**** SUPPLIED INFORMATION

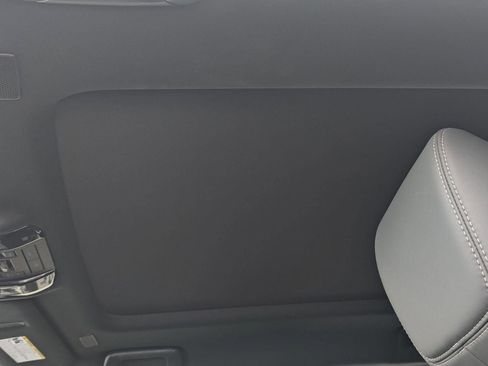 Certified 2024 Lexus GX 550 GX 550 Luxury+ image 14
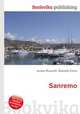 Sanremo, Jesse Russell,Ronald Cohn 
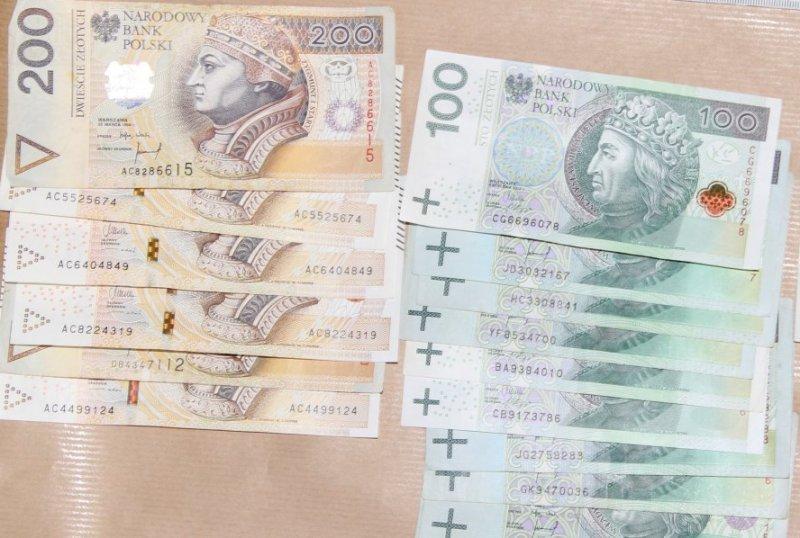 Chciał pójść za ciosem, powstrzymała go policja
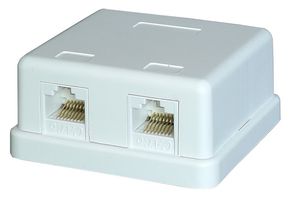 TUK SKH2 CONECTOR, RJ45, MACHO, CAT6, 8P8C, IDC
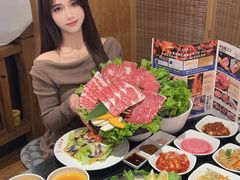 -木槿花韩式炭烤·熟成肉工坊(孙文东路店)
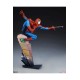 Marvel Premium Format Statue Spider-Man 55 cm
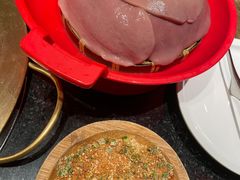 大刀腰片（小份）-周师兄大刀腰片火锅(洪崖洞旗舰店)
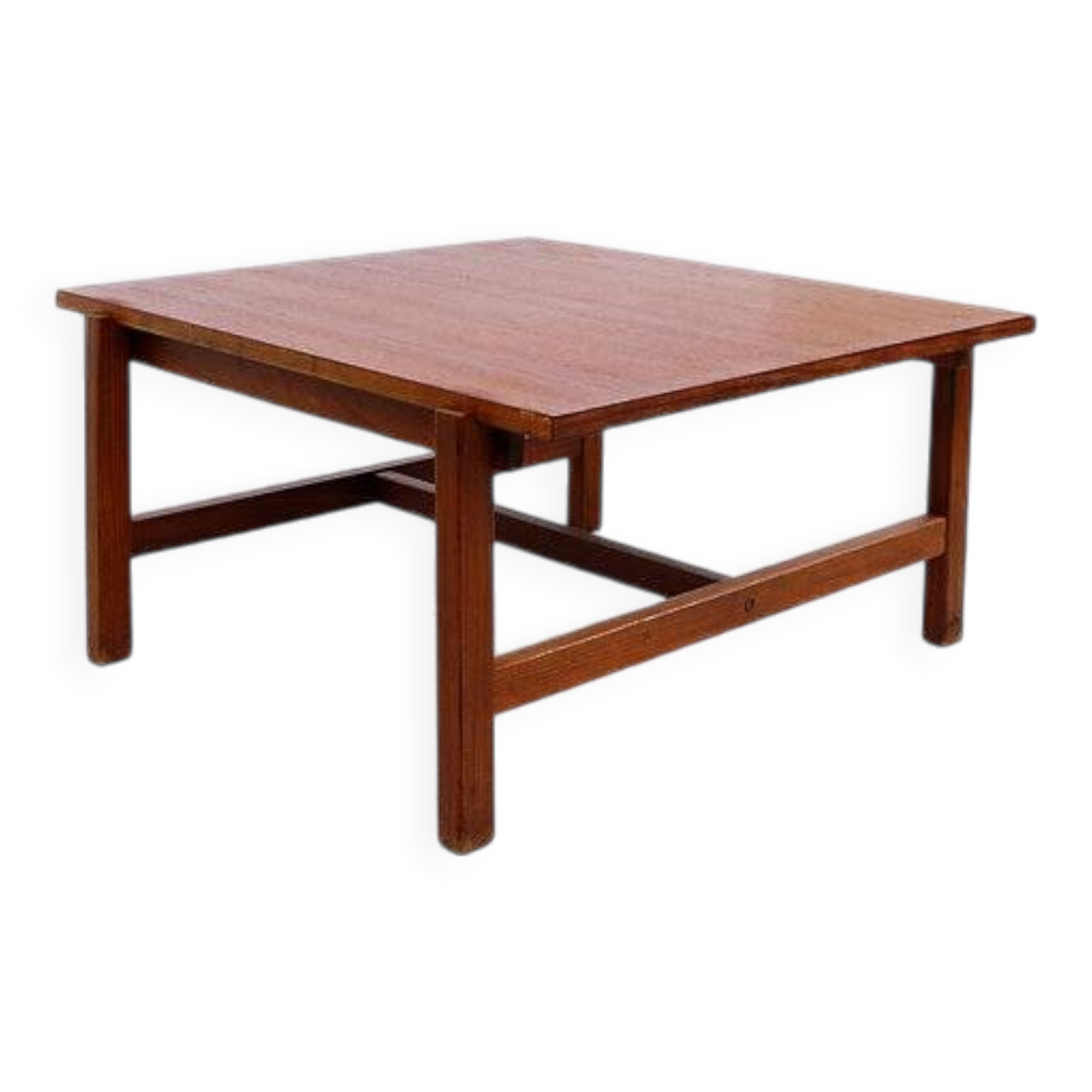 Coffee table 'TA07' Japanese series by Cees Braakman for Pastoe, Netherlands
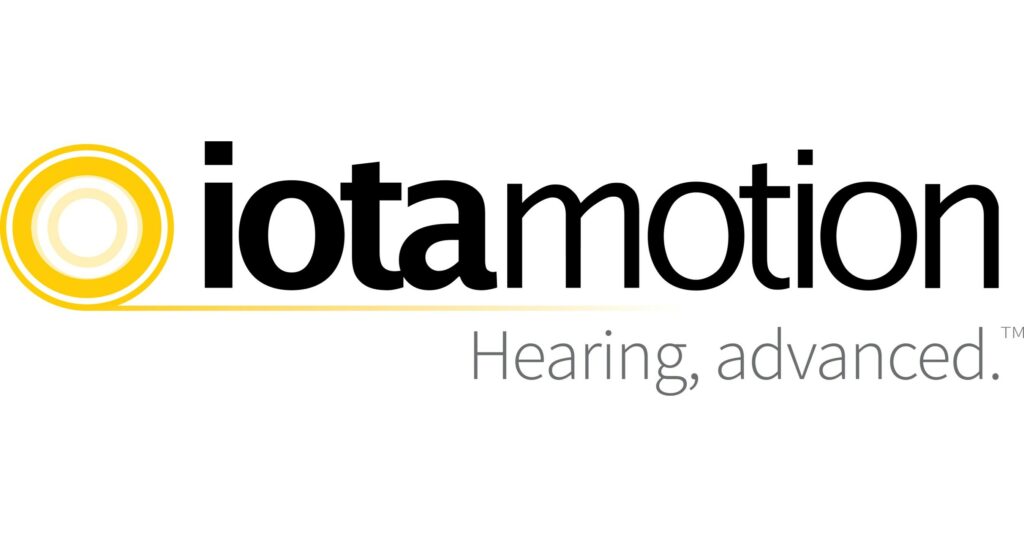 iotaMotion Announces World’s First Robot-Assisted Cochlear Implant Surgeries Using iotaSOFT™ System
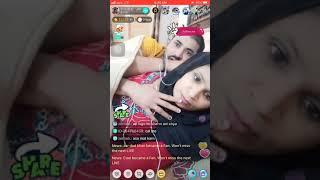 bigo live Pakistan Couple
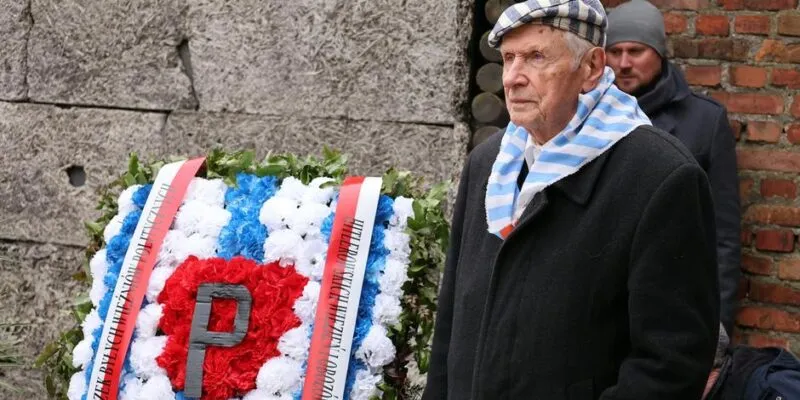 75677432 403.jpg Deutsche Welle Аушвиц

********
**** SUPPLIED INFORMATION

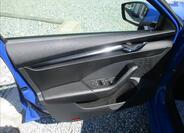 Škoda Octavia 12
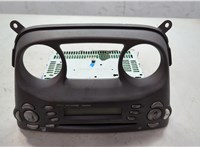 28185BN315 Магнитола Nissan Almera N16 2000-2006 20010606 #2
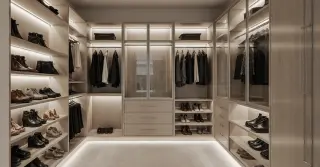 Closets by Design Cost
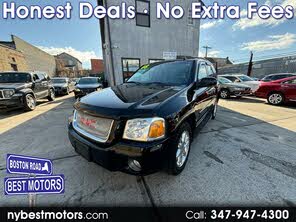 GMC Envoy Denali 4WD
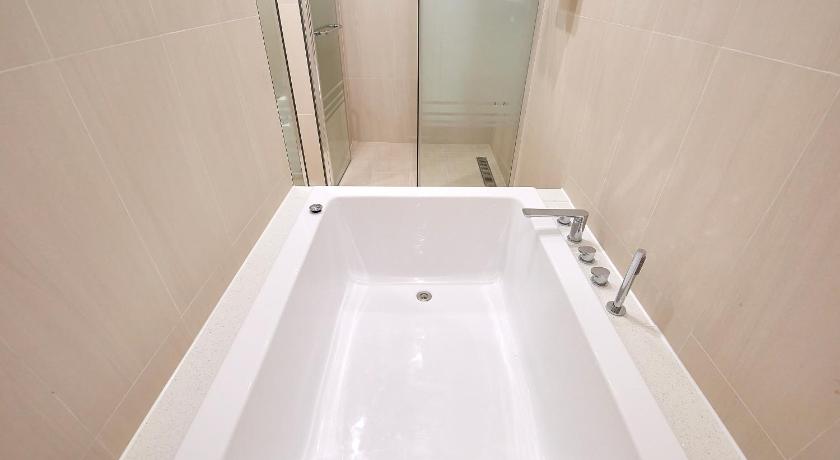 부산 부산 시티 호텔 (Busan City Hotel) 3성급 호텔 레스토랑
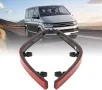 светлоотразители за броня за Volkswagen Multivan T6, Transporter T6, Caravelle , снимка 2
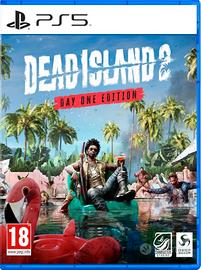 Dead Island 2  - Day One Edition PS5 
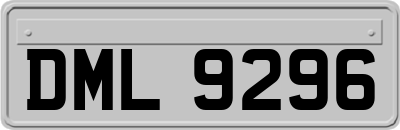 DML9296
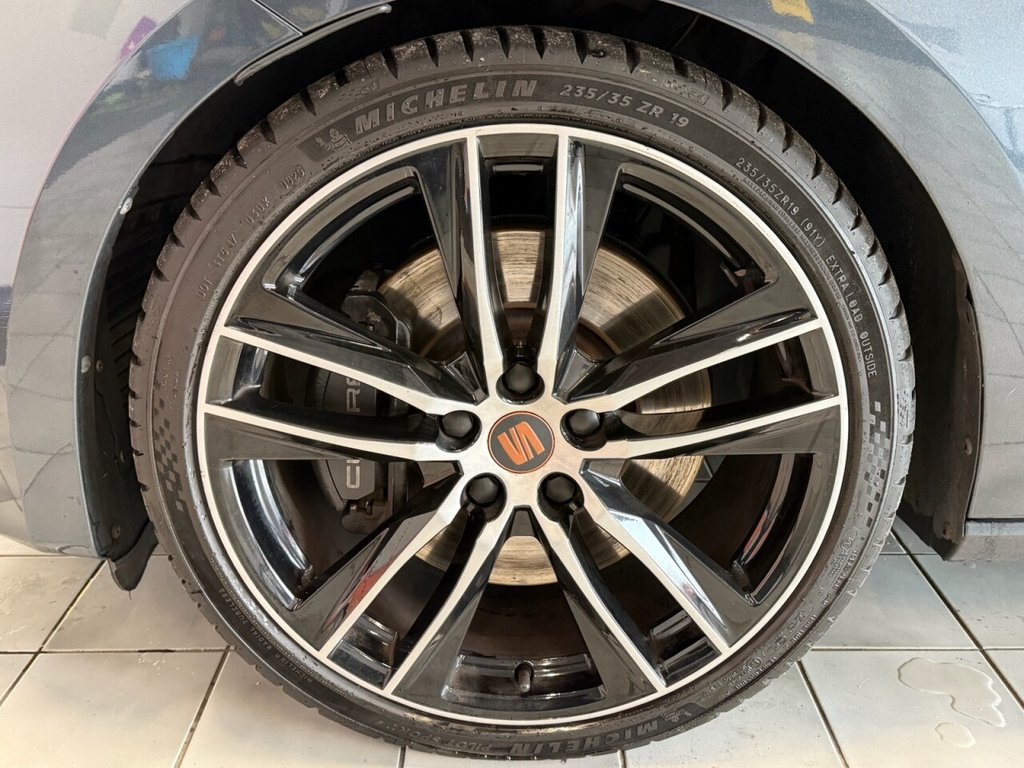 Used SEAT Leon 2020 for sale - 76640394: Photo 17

********

→ TASK TO CARRY OUT
The expected output is the lines above from the one containing "Certified 2024 Lexus" to the one containing "75677432 403.jpg Deutsche Welle Аушвиц", both ends included, reproduced exactly with every picture left out.

→ SOLUTION
 Certified 2024 Lexus GX 550 GX 550 Luxury+ image 14
 Sanremo, Jesse Russell,Ronald Cohn 
 Chciał pójść za ciosem, powstrzymała go policja
 TUK SKH2 CONECTOR, RJ45, MACHO, CAT6, 8P8C, IDC
 -木槿花韩式炭烤·熟成肉工坊(孙文东路店)
 Marvel Premium Format Statue Spider-Man 55 cm
 大刀腰片（小份）-周师兄大刀腰片火锅(洪崖洞旗舰店)
 Coffee table 'TA07' Japanese series by Cees Braakman for Pastoe, Netherlands
 iotaMotion Announces World’s First Robot-Assisted Cochlear Implant Surgeries Using iotaSOFT™ System
 bigo live Pakistan Couple
 75677432 403.jpg Deutsche Welle Аушвиц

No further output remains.